HyperStyle: StyleGAN Inversion with HyperNetworks for Real Image Editing by Yuval Alaluf, Omer Tov, et al. explained in 5 minutes
⭐️Paper difficulty: 🌕🌕🌕🌑🌑
🎯 At a glance:
It proved to be a surprisingly difficult task to balance the reconstruction quality of images inverted into the latent space of the StyleGAN2 generator and the ability to edit these images afterward. Now Yuval Alaluf, Omer Tov, and the team that originally reported the infamous reconstruction-editability tradeoff in their “Designing Encoders for Editing” paper are back at it again with a new encoder design inspired by the recent PTI paper that sidesteps the tradeoff by finetuning the generator’s weights in a way that places the inverted image into a well-behaved region of the latent space and leaves the editing capability unchanged. HyperStyle is a hyper network that speeds things up by training a single encoder to predict the weight offsets for any input image, replacing the compute-intensive per-image optimization with a single forward pass of the model that takes a second instead of a minute.

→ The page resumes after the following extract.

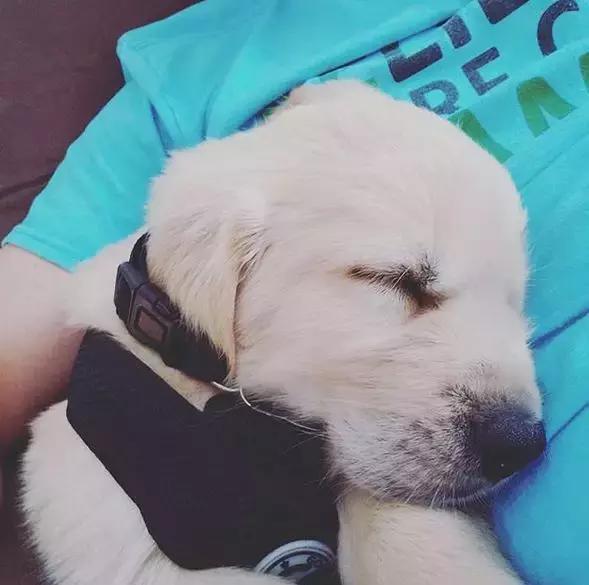 金毛行为的异常,金毛有异常怪异行为要留心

How are the authors able to predict the weight offsets for the entire StyleGAN2 generator in such an efficient manner? Let’s find out!

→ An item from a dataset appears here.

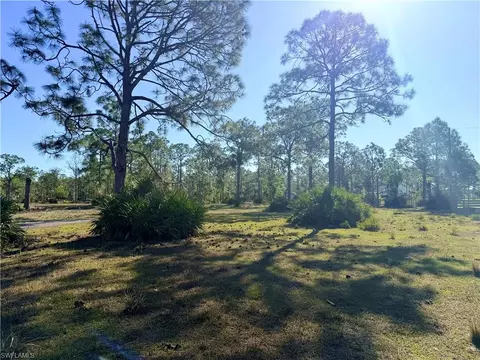 21151 Hidden Woods Trl, Estero, FL 33928 photo 5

(Highly recommended reading to understand the core contributions of this paper):
1) PTI - Pivotal Tuning Inversion
2) e4e - Encoders for Editing
Let’s take a quick look back at how the image inversion and editing approaches evolved this year to understand how the authors of HyperStyle are able to craft their elaborate method that both incorporates the ideas from several previous approaches and elevates them to the next level. It was established early on that there exists a tradeoff between the reconstruction quality of an image and its editability.
The intuition for this discovery was that the style vectors most suitable for editing all lie in the most well-defined areas of the generator’s latent space and reconstructing images with a higher level of details inevitably pushes the style vectors out of this nice latent vector distribution that the generator learns while training. Therefore, several encoders were developed that sacrificed some fine details on the reconstructed images to retain the ability to edit them, alas they were far from perfect.
Recently, a new idea emerged: what if instead of trying to push the style vectors for perfectly detailed reconstructed images into the correct areas of the generator’s latent space we slightly shifted the latent space in a way that placed the desired style code right inside it? This method exists and it is called Pivotal Tuning Inversion, and while it works pretty well, it requires up to a minute of optimization to finetune the generator’s weights for every input image.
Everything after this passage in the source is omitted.